FRANKFURT, Germany (AP) - Deutsche Bank says it is cutting 35,000 jobs through redundancies and the sale of businesses as new CEO John Cryan seeks to make Germany's biggest lender more manageable and profitable.
FRANKFURT, Germany (AP) — Deutsche Bank says it is cutting 35,000 jobs through redundancies and the sale of businesses as new CEO John Cryan seeks to make Germany's biggest lender more manageable and profitable.
The bank will slash 9,000 full-time jobs, 6,000 contractor positions and sell operations with 20,000 more workers. It will also close local operations in 10 smaller countries.
Most the jobs to be shed by selling businesses are at the bank's Postbank retail bank, which the bank plans to divest. By 2018, the cuts and disposals are to shrink the bank's workforce from around 103,000 to 77,000.
The announcement came Thursday as the bank reported a net loss of 6 billion euros ($6.6 billion). Net profit was hit by 5.8 billion euros in noncash charges for the reduced value of its investment bank and Postbank. The bank will not pay a dividend this year and next year to retain capital and strengthen the bank's finances against possible financial turbulence.

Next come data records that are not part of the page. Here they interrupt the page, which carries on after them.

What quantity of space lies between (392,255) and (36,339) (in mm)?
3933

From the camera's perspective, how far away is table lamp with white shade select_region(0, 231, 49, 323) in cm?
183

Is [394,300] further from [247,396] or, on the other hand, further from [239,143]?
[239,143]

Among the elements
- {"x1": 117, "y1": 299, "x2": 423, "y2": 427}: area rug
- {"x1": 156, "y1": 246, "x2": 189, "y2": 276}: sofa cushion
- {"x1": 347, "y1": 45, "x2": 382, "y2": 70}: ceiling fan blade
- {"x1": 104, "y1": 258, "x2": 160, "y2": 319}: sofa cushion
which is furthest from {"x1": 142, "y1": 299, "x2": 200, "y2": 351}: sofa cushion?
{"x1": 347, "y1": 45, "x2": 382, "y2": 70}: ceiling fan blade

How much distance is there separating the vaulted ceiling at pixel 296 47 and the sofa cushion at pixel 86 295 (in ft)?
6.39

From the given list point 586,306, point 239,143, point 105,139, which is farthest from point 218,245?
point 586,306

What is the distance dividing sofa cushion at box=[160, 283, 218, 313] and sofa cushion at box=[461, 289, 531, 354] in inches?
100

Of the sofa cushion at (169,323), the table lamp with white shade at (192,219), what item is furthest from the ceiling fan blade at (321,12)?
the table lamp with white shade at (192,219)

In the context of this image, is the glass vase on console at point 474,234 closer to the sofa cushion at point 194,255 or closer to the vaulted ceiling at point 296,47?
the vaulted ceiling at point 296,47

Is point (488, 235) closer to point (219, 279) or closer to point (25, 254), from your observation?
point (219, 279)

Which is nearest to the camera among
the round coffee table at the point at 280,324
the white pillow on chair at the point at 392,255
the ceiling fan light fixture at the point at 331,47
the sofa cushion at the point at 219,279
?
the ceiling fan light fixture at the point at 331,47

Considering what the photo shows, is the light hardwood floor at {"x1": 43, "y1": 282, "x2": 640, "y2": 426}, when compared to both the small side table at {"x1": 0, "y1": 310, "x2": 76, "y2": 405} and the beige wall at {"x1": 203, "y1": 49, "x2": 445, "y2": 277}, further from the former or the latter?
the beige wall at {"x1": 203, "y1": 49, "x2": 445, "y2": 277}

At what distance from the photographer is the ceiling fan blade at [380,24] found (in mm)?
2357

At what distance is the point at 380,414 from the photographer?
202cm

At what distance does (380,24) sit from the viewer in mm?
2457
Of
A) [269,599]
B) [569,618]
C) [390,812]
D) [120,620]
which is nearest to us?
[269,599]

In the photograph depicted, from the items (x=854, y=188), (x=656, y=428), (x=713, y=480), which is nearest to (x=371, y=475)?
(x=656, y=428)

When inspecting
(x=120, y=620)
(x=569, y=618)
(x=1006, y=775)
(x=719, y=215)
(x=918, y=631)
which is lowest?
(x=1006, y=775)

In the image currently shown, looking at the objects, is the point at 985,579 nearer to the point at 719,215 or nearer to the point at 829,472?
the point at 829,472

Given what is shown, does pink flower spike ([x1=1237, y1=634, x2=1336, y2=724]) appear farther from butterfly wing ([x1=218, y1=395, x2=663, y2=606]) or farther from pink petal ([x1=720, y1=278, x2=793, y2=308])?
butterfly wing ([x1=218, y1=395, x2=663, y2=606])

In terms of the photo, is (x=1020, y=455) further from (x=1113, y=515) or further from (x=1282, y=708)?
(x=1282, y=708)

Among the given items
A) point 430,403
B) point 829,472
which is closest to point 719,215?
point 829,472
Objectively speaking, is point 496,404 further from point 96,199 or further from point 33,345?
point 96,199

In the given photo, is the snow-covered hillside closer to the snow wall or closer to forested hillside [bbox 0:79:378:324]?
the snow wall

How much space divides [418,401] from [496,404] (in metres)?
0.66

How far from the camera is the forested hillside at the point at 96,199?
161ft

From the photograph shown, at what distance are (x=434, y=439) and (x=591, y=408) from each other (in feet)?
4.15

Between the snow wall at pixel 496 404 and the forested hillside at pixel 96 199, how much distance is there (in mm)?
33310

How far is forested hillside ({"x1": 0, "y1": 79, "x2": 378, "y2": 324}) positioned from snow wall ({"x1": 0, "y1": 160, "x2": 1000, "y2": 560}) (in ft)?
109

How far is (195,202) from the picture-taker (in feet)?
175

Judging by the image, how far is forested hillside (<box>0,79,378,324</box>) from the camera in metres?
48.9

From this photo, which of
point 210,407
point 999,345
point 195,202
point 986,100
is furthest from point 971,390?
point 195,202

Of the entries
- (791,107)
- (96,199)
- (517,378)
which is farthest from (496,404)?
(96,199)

Cryan said at a news conference that the bank faced "hard decisions" as he restructures it.
"We must reduce Deutsche Bank's complexity," he said.
The bank has struggled to reduce costs and make its administration more transparent and ethical as it deals with uneven profits and investigations into rigging financial benchmarks. Former co-CEO Anshu Jain resigned in June. The other co-CEO, Juergen Fitschen is leaving in May.
Cryan warned that "there will be consequences on compensation" when he was asked about the impact on executive bonuses but said he could not yet quantify them.
He said it would be "unacceptable not to share some of the costs that we have suffered" as a "consequence of poor historic behavior." The bank has set aside billions to pay for fines and legal settements and consts in a several cases, including the rigging by a number of banks of the key interest rate benchmark known as the London Interbank Offered Rate, or Libor. The bank paid $2.5 billion to regulators in Britain and the United States to settle the Libor case.
The bank said it would close its onshore operations in Argentina, Chile, Mexico, Peru, Uruguay, Denmark, Finland, Norway, Malta and New Zealand. Some branches in Germany would close as well, Cryan said. Of the 9,000 internal job cuts, about 4,000 will take place in Germany.